After a years-long recovery from the Great Recession, the impressive rate of improvement may have peaked. And there is a danger that the pace could turn the other way.
The pessimistic assessment is from the Organisation for Economic Co-operation and Development (OECD). Its forecasts are carefully followed because of its long-term ability to assess the global economy and economic health by country.
The authors of the new “Interim Economic Outlook” wrote:
The expansion may now have peaked. Global growth is projected to settle at 3.7% in 2018 and 2019, marginally below pre-crisis norms, with downside risks intensifying.
Growth has become less broad-based, with prospects diverging across the major economies, especially among the emerging-market economies.
Policy support and strong job growth continue to underpin domestic demand, but some emerging-market economies are facing significant headwinds from rising financial market pressures.
The OECD has revised downward most of the expectations in its May report. The growth of the euro area, which was 2.5% last year, is expected to be only 2.0% this year and 1.9% in 2019. The growth rate of the United States, on the other hand, is expected to stay relatively strong, up from 2.2% in 2017 to 2.9% this year but 2.7% in 2019. At the same time, the world’s second largest economy, China, is expected to see a fall-off from a rate that has been above 7% for years, except for during the recession. Its rate of 6.9% in 2017 slips to 6.7% this year and 6.4% in 2019.
The OECD experts say government policy is the primary driver of the risk of further slowing:
Economic policies face several challenges amidst considerable uncertainty:
A gradual normalisation of monetary policy is needed, but to a varying degree across economies. Fiscal policy choices should be focused on measures that improve the prospects for sustainable and more inclusive medium-term growth.

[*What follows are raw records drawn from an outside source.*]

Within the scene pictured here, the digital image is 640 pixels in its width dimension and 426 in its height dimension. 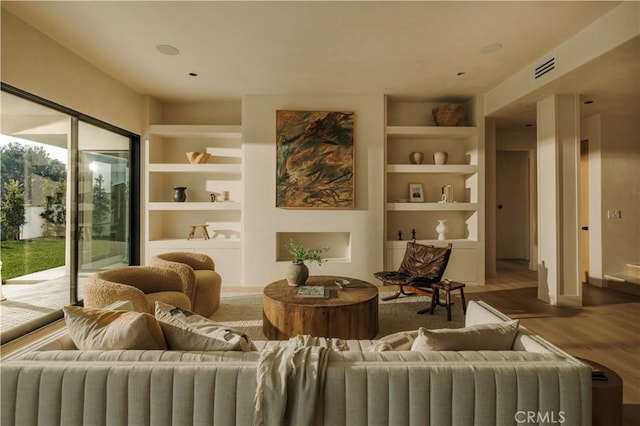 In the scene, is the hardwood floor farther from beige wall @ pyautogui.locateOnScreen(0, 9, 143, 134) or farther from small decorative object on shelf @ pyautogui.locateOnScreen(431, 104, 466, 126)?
beige wall @ pyautogui.locateOnScreen(0, 9, 143, 134)

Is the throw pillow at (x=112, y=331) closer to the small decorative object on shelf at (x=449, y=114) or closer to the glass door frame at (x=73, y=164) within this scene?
the glass door frame at (x=73, y=164)

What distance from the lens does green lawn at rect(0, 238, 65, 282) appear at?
9.27 ft

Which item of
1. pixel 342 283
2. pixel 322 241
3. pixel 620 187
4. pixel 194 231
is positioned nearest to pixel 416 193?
pixel 322 241

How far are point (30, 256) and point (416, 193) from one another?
4.95m

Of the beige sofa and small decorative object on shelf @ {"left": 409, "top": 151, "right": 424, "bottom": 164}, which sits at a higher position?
small decorative object on shelf @ {"left": 409, "top": 151, "right": 424, "bottom": 164}

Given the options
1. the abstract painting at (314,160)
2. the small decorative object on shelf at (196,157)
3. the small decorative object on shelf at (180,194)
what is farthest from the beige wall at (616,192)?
the small decorative object on shelf at (180,194)

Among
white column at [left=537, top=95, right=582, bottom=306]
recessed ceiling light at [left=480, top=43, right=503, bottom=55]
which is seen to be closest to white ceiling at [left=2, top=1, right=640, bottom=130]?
recessed ceiling light at [left=480, top=43, right=503, bottom=55]

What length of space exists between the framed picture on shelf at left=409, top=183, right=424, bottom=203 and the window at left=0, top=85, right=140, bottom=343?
175 inches

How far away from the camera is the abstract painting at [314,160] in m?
4.73

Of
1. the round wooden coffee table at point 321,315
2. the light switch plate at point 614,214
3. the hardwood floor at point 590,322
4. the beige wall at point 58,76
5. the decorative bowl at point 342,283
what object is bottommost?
the hardwood floor at point 590,322

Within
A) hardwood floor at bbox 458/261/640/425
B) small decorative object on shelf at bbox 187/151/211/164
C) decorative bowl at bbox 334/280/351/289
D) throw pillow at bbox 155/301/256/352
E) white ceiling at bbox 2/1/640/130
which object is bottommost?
hardwood floor at bbox 458/261/640/425

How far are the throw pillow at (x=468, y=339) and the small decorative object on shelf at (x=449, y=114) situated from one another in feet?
13.6

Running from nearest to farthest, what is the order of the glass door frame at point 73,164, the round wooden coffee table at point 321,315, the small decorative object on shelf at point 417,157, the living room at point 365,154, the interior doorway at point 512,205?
1. the round wooden coffee table at point 321,315
2. the glass door frame at point 73,164
3. the living room at point 365,154
4. the small decorative object on shelf at point 417,157
5. the interior doorway at point 512,205

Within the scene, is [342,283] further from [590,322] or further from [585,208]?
[585,208] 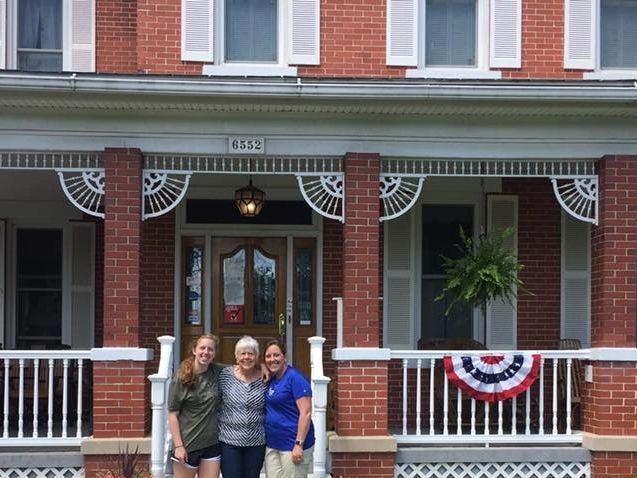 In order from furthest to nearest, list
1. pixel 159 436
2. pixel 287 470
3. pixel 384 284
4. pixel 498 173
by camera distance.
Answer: pixel 384 284
pixel 498 173
pixel 159 436
pixel 287 470

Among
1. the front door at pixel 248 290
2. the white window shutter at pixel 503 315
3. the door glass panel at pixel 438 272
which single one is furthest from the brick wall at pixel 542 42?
the front door at pixel 248 290

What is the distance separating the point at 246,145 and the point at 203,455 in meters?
3.20

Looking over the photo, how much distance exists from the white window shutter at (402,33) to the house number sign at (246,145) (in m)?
1.86

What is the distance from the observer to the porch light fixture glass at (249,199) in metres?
9.28

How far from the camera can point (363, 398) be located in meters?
7.77

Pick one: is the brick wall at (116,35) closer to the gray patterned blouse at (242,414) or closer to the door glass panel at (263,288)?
the door glass panel at (263,288)

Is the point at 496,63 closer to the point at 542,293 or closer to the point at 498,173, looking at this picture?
the point at 498,173

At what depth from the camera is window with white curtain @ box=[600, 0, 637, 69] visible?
9.08 meters

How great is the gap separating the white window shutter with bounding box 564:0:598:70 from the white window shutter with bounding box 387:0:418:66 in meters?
1.68

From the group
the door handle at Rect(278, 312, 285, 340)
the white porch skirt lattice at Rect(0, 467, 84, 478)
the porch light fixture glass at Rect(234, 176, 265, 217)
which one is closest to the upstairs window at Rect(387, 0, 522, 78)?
the porch light fixture glass at Rect(234, 176, 265, 217)

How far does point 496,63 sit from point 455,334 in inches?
131

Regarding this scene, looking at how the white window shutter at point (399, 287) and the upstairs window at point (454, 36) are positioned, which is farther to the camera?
the white window shutter at point (399, 287)

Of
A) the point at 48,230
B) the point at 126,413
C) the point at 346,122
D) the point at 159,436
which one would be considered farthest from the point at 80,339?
the point at 346,122

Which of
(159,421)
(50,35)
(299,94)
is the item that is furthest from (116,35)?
(159,421) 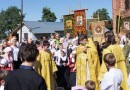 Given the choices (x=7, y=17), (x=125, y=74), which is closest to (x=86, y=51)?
(x=125, y=74)

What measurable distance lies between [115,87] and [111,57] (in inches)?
21.9

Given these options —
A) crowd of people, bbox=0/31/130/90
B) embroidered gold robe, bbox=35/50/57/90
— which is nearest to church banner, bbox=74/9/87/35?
crowd of people, bbox=0/31/130/90

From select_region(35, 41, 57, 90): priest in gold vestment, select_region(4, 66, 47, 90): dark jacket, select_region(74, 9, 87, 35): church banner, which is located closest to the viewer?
select_region(4, 66, 47, 90): dark jacket

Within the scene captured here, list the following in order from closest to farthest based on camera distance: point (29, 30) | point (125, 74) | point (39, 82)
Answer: point (39, 82), point (125, 74), point (29, 30)

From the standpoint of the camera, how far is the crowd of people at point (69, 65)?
5.40 metres

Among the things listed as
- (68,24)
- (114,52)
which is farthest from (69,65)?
(68,24)

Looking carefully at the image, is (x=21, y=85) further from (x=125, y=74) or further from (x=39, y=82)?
(x=125, y=74)

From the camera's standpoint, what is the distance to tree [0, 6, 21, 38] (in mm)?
122938

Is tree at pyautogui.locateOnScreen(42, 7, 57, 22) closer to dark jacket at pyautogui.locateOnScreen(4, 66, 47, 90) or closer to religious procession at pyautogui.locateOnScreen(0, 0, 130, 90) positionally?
religious procession at pyautogui.locateOnScreen(0, 0, 130, 90)

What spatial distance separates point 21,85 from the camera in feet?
17.6

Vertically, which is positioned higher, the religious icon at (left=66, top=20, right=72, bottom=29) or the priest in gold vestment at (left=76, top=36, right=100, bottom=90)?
the religious icon at (left=66, top=20, right=72, bottom=29)

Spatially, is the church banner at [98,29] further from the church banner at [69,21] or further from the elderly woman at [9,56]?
the elderly woman at [9,56]

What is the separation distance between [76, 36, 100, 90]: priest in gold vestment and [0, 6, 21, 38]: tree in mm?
104628

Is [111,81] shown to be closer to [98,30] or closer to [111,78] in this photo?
[111,78]
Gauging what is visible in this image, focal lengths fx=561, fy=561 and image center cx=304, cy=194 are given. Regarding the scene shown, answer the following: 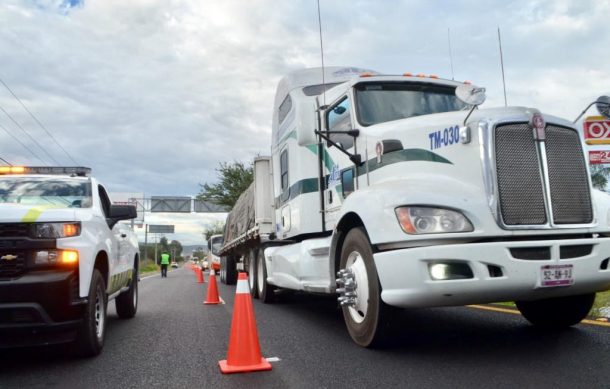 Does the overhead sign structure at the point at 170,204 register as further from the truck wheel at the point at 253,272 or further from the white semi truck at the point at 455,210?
the white semi truck at the point at 455,210

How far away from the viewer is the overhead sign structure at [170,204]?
54469 millimetres

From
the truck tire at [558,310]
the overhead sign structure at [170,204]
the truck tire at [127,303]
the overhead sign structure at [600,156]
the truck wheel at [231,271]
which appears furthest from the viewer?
the overhead sign structure at [170,204]

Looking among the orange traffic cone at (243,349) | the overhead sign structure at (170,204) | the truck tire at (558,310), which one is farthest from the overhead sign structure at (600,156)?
the overhead sign structure at (170,204)

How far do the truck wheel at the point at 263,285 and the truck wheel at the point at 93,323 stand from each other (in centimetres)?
458

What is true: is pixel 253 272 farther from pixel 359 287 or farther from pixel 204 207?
pixel 204 207

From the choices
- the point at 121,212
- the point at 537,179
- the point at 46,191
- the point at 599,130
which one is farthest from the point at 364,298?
the point at 599,130

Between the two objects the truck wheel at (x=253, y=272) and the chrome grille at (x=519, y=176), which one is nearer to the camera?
the chrome grille at (x=519, y=176)

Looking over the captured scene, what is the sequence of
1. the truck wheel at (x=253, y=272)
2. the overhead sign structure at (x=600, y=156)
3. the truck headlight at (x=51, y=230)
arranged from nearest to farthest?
the truck headlight at (x=51, y=230) → the overhead sign structure at (x=600, y=156) → the truck wheel at (x=253, y=272)

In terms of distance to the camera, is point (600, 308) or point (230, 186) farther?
point (230, 186)

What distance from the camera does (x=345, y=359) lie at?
4824mm

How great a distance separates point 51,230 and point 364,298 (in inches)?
108

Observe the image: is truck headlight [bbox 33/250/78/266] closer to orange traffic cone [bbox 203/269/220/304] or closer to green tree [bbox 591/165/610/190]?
orange traffic cone [bbox 203/269/220/304]

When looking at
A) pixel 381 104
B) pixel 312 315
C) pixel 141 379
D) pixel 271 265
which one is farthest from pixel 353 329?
pixel 271 265

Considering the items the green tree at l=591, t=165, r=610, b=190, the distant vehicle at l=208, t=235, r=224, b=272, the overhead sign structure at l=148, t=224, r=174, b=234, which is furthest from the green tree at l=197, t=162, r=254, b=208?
the overhead sign structure at l=148, t=224, r=174, b=234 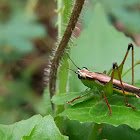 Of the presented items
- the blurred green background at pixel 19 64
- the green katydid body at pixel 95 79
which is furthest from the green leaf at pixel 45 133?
the blurred green background at pixel 19 64

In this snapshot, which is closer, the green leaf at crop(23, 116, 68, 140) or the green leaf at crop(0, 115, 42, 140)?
the green leaf at crop(23, 116, 68, 140)

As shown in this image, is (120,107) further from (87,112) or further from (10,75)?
(10,75)

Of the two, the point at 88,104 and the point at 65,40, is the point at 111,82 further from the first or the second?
the point at 65,40

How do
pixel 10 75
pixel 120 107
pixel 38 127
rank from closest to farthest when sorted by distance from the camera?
pixel 38 127
pixel 120 107
pixel 10 75

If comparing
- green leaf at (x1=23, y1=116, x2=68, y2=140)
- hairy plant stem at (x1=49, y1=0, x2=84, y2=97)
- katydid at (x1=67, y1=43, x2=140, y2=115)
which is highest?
hairy plant stem at (x1=49, y1=0, x2=84, y2=97)

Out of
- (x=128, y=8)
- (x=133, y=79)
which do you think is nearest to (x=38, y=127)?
(x=133, y=79)

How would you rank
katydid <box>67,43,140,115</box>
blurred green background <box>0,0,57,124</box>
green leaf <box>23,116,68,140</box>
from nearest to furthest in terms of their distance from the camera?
green leaf <box>23,116,68,140</box> → katydid <box>67,43,140,115</box> → blurred green background <box>0,0,57,124</box>

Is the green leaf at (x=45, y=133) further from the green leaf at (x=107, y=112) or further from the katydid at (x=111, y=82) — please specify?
the katydid at (x=111, y=82)

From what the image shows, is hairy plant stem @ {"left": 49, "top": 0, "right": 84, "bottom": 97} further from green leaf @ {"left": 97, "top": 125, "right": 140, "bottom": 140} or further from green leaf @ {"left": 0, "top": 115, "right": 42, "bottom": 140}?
green leaf @ {"left": 97, "top": 125, "right": 140, "bottom": 140}

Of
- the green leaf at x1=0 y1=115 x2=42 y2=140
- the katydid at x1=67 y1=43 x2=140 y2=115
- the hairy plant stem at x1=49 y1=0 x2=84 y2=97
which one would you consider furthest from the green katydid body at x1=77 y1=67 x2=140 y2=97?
the green leaf at x1=0 y1=115 x2=42 y2=140

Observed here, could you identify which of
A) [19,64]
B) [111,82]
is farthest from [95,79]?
[19,64] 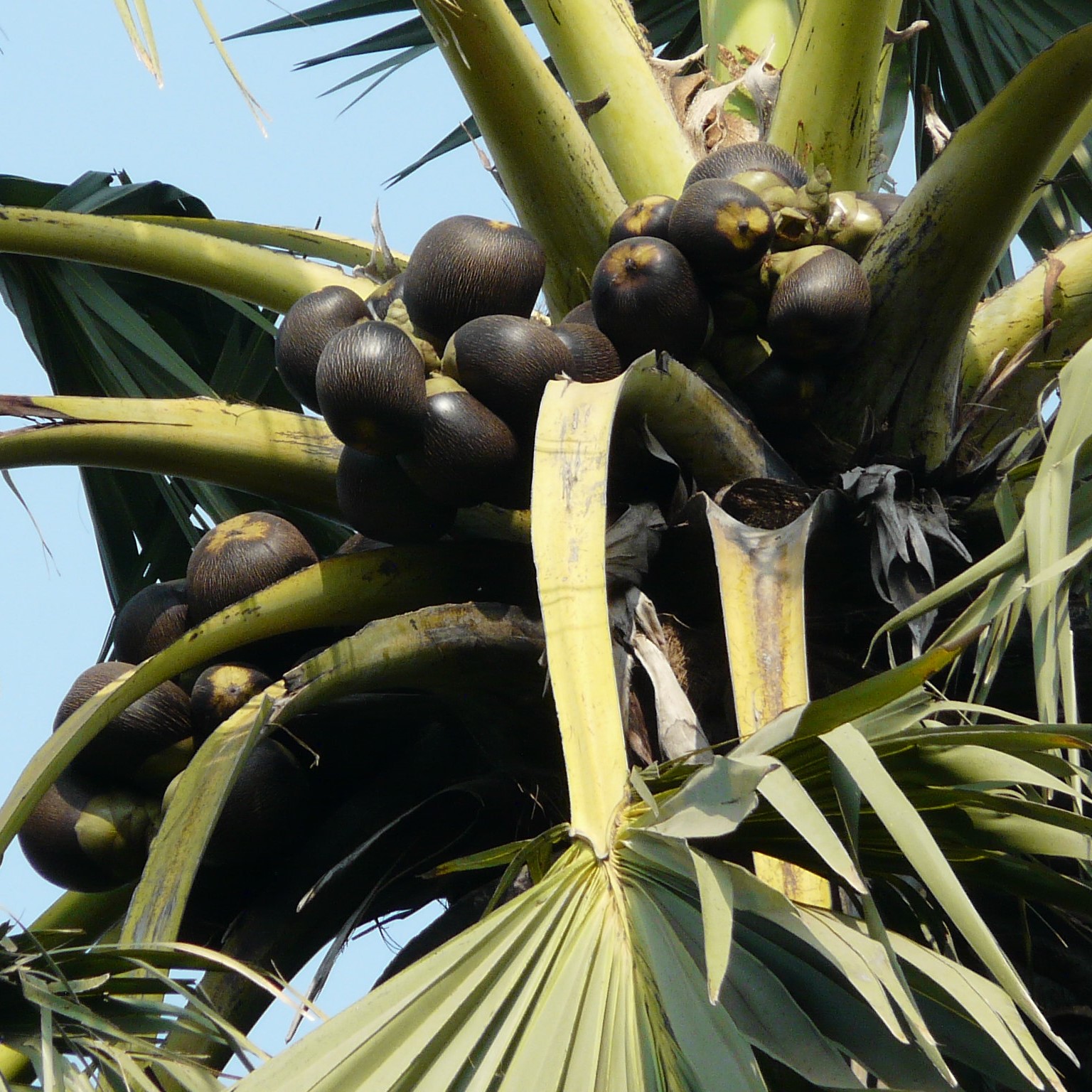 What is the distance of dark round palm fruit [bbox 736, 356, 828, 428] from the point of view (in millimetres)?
2576

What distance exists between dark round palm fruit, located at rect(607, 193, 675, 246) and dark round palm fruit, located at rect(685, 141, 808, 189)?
0.08 metres

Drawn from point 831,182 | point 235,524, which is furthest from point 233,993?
point 831,182

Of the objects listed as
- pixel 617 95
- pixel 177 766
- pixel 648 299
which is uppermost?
Answer: pixel 617 95

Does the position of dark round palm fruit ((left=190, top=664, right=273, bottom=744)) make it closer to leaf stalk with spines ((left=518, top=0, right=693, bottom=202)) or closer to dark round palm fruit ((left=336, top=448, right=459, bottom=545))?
dark round palm fruit ((left=336, top=448, right=459, bottom=545))

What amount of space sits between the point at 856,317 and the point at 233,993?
1.47 m

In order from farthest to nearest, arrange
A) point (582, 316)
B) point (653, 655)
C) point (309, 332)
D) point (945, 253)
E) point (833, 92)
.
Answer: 1. point (833, 92)
2. point (582, 316)
3. point (309, 332)
4. point (945, 253)
5. point (653, 655)

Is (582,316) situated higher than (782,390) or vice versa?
(582,316)

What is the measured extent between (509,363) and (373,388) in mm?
221

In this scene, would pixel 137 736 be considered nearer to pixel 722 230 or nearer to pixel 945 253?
pixel 722 230

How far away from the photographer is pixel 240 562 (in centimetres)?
259

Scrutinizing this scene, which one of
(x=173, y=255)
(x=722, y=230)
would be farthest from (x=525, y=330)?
(x=173, y=255)

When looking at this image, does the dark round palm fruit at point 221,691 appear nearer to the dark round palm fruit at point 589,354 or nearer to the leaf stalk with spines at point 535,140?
the dark round palm fruit at point 589,354

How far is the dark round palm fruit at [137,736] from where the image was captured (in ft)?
8.29

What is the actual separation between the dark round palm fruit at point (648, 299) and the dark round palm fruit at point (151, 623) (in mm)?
894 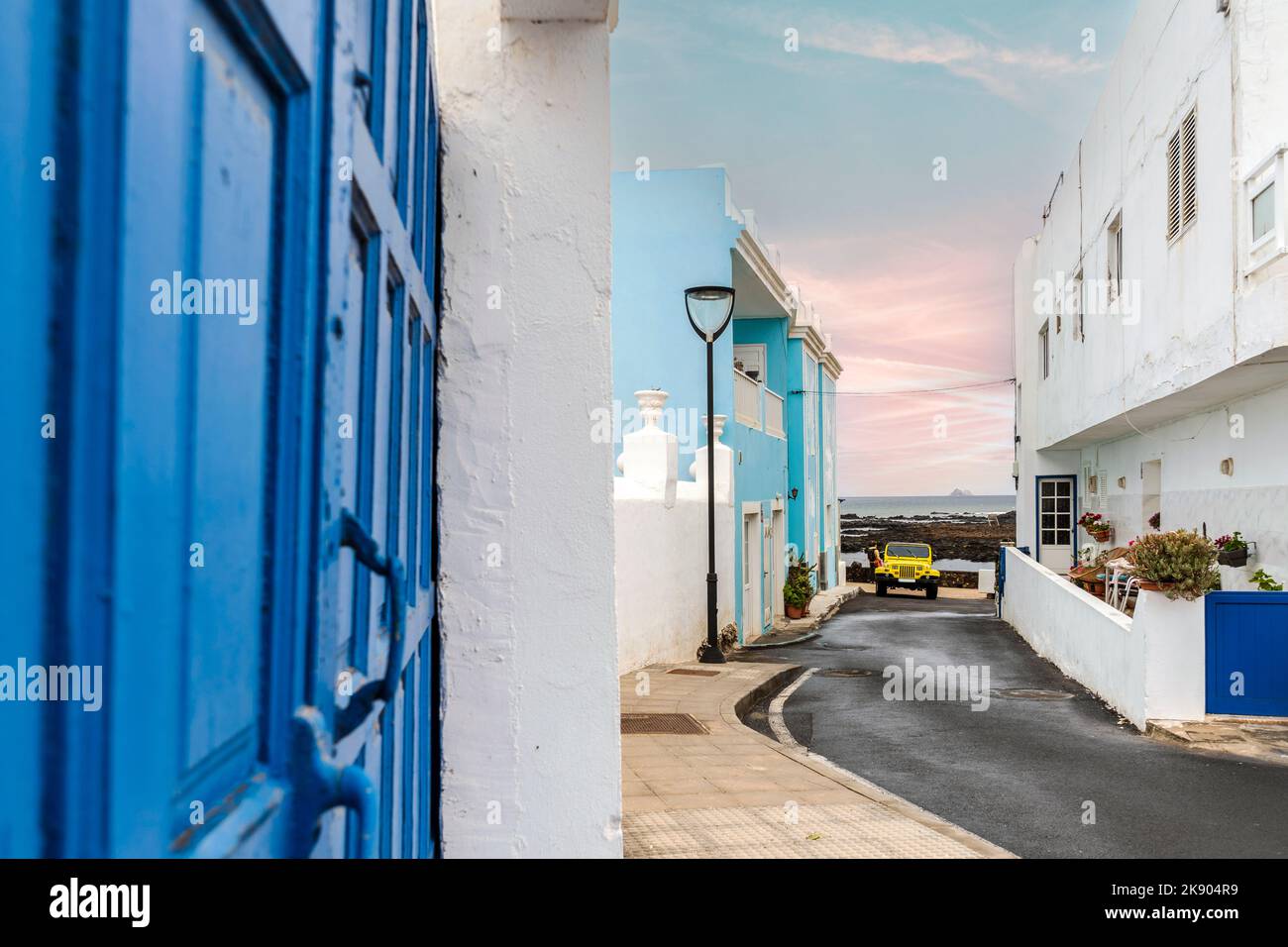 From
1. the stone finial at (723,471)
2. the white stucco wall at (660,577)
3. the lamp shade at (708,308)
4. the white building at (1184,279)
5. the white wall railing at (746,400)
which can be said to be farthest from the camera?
the white wall railing at (746,400)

Any margins from stronger growth should be used to help build fiscal buffers.
Monetary and fiscal policy space needs to be restored gradually to provide scope for support in a future downturn.
Policy choices in many emerging-market economies should focus on restoring confidence and stability, and avoid harm to medium-term growth prospects.
Enhanced deployment of macro-prudential policies would strengthen financial resilience.
The government policies of many countries got the global economy into recession, helped a recovery and now threaten the improvement they triggered.